Retype the records below word for word and omit any image.

********************

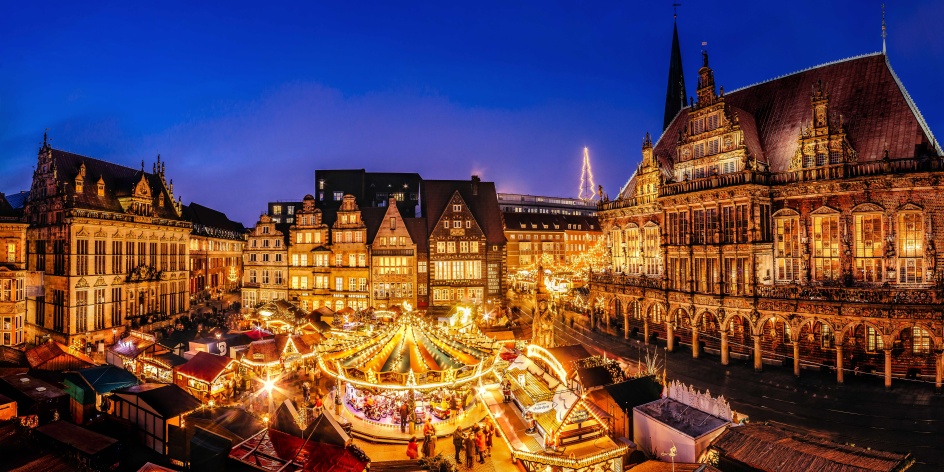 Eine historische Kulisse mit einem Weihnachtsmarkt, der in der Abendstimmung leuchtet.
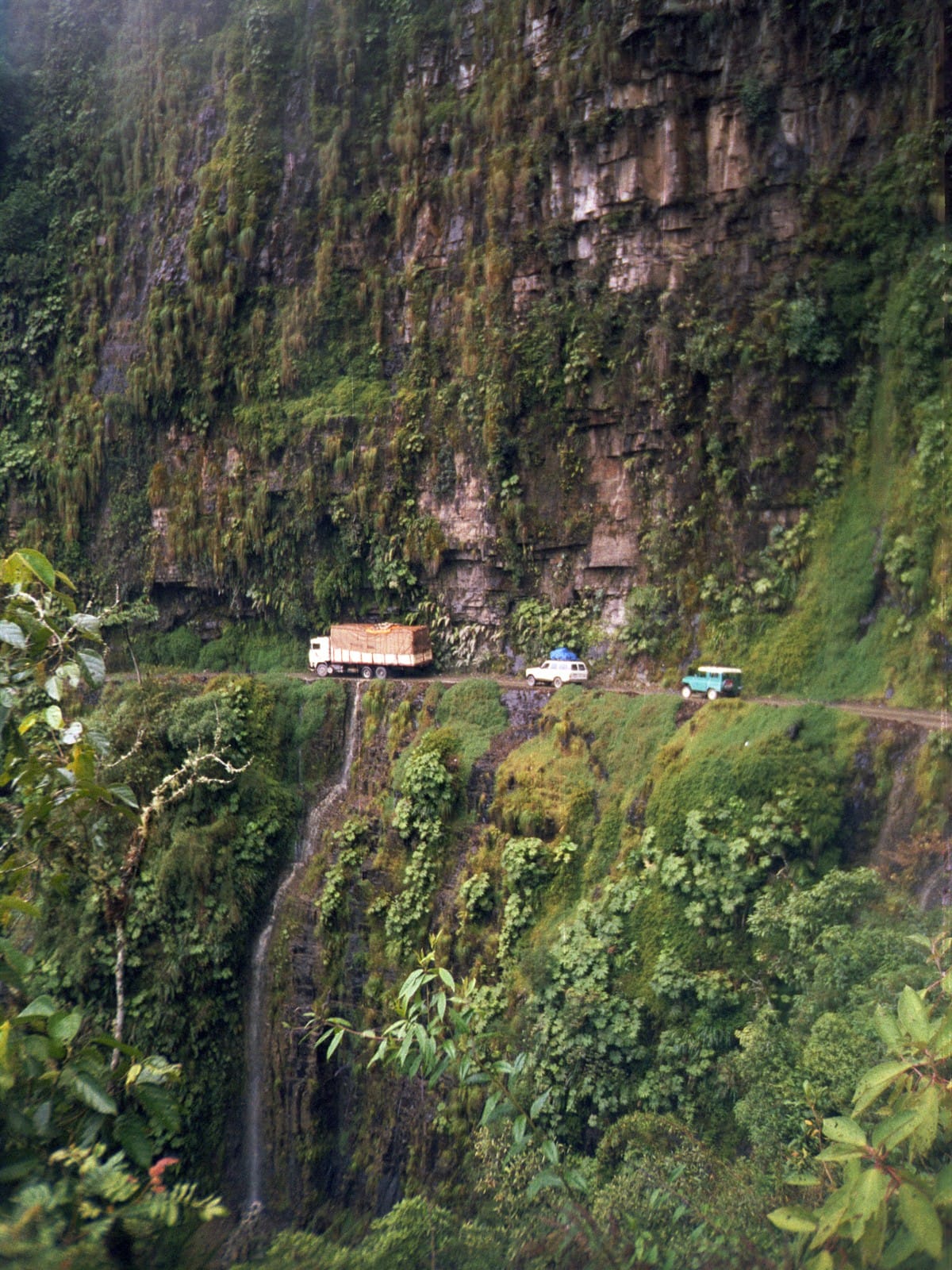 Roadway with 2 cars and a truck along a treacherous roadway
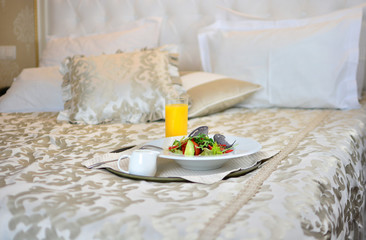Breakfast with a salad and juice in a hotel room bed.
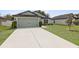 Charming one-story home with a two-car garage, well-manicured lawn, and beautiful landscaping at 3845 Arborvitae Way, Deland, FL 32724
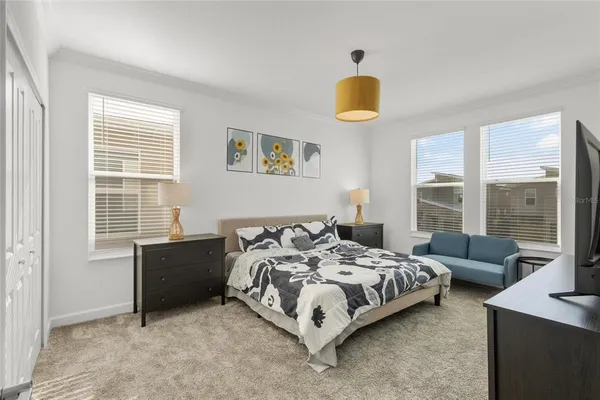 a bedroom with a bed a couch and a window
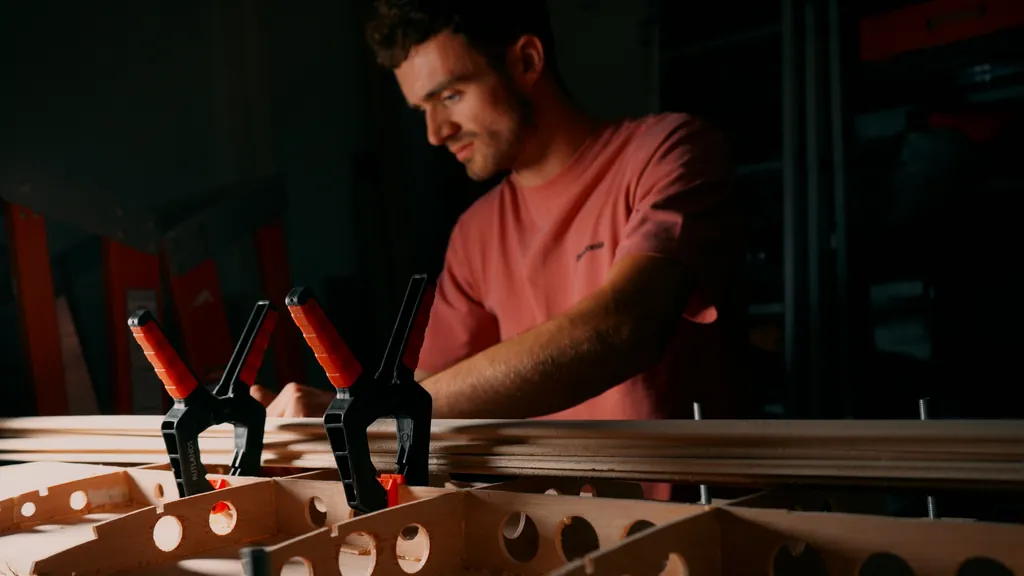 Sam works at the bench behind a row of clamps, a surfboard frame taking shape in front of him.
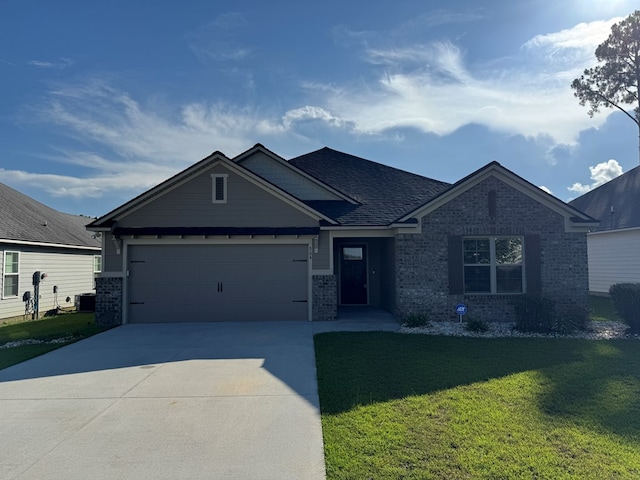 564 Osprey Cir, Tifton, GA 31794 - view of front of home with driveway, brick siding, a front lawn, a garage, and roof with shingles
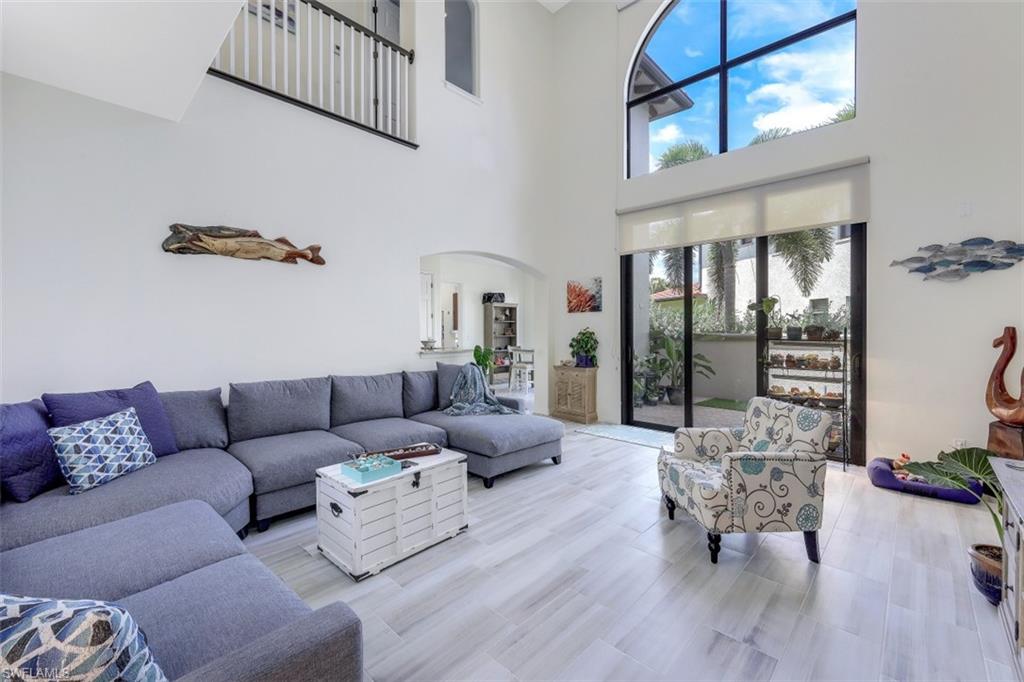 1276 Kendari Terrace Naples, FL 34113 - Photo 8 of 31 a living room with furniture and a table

********************

• **OUTPUT OF THE EXERCISE**
 Eine historische Kulisse mit einem Weihnachtsmarkt, der in der Abendstimmung leuchtet.
 Roadway with 2 cars and a truck along a treacherous roadway
Breakfast with a salad and juice in a hotel room bed.
 Charming one-story home with a two-car garage, well-manicured lawn, and beautiful landscaping at 3845 Arborvitae Way, Deland, FL 32724
 a bedroom with a bed a couch and a window
 Sam works at the bench behind a row of clamps, a surfboard frame taking shape in front of him.
 564 Osprey Cir, Tifton, GA 31794 - view of front of home with driveway, brick siding, a front lawn, a garage, and roof with shingles
 1276 Kendari Terrace Naples, FL 34113 - Photo 8 of 31 a living room with furniture and a table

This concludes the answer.